The Department of Finance and Risk Engineering welcomes Alex Shkolnik, Assistant Professor at UC Santa Barbara, to the BQE Lecture Series.
James-Stein Estimation of Minimum Variance Portfolios
In quantitative finance, estimated covariance matrices are routinely used to construct portfolios with mean-variance optimization. It is widely recognized, however, that the embedded sampling error tricks the optimizer into constructing distorted and highly inefficient portfolios. This problem is further amplified when the number of securities vastly exceeds the number of observations. We quantify this inefficiency with a metric we call the optimization bias which depends primarily on the leading eigenvector of a sample covariance matrix. Under a spiked covariance model, we prove that the optimization bias may be completely erased given just two observations of the security return but provided that the number of securities tends to infinity. We illustrate the theory with numerical simulations that provide further insight into the behavior of the proposed estimator in practice.
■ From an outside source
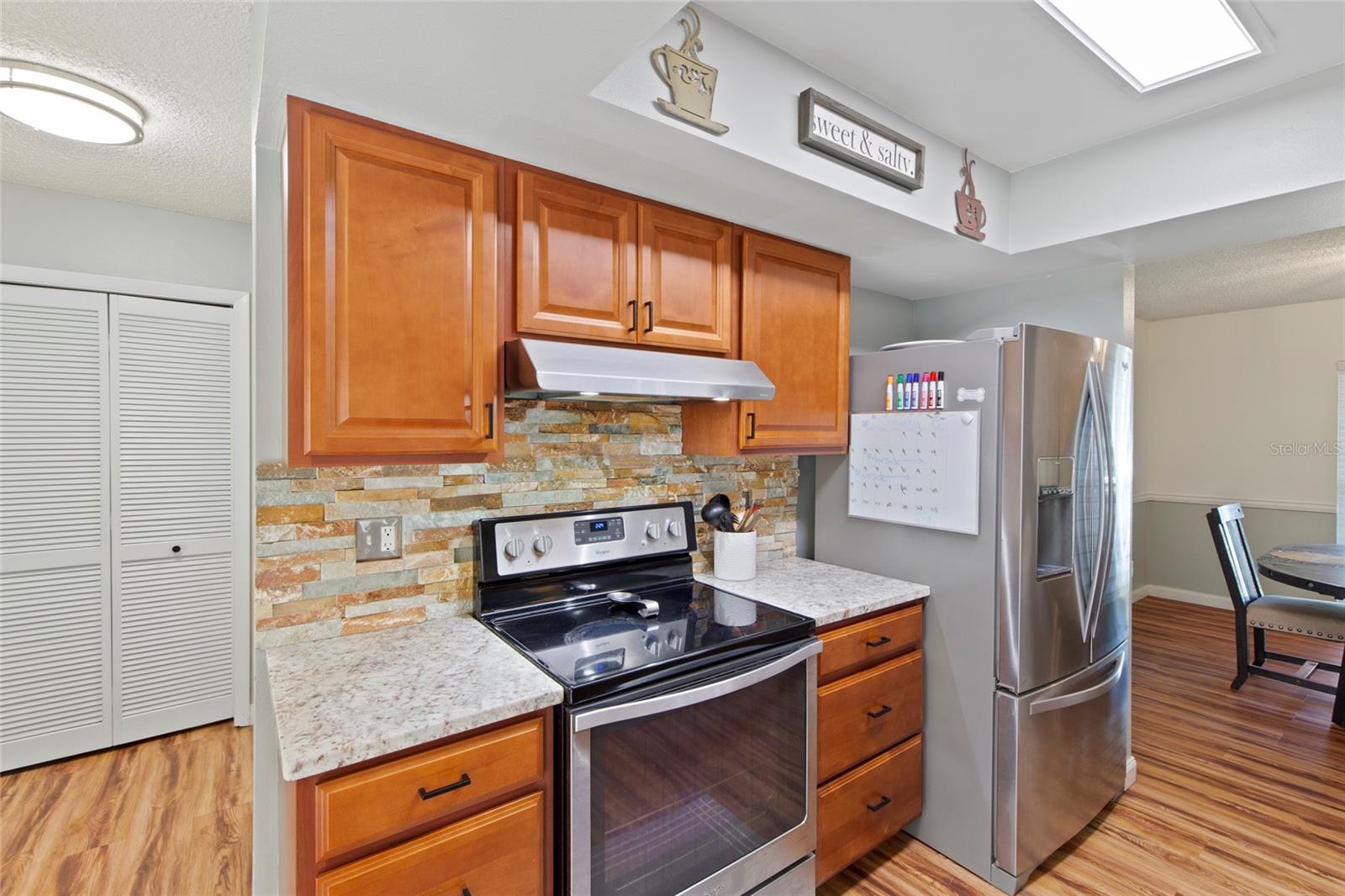 Listing photo id 1 for 1305 Peachfield Drive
We conclude the talk by establishing rich connections between the Stein paradox in statistics, the beta adjustments commonly used in the financial industry, and the James-Stein estimator of a principal component.
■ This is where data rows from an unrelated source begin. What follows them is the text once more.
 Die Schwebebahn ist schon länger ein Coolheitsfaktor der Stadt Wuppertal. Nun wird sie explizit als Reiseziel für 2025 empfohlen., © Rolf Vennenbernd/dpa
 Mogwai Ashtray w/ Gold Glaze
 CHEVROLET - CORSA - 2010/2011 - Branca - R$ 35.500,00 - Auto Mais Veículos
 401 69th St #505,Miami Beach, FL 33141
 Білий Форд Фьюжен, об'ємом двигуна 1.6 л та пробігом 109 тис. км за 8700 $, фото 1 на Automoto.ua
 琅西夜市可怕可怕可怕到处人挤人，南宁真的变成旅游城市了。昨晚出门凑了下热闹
Alex Shkolnik is an Assistant Professor at the Department of Statistics and Applied Probability at the University of California, Santa Barbara, and a Research Fellow at the Consortium for Data Analytics in Risk at the University of California, Berkeley where he was a postdoctoral scholar. Alex received his Ph.D. in computational mathematics and engineering from Stanford University in 2015. His research interests include Monte Carlo simulation, high-dimensional statistics, and quantitative financial risk management.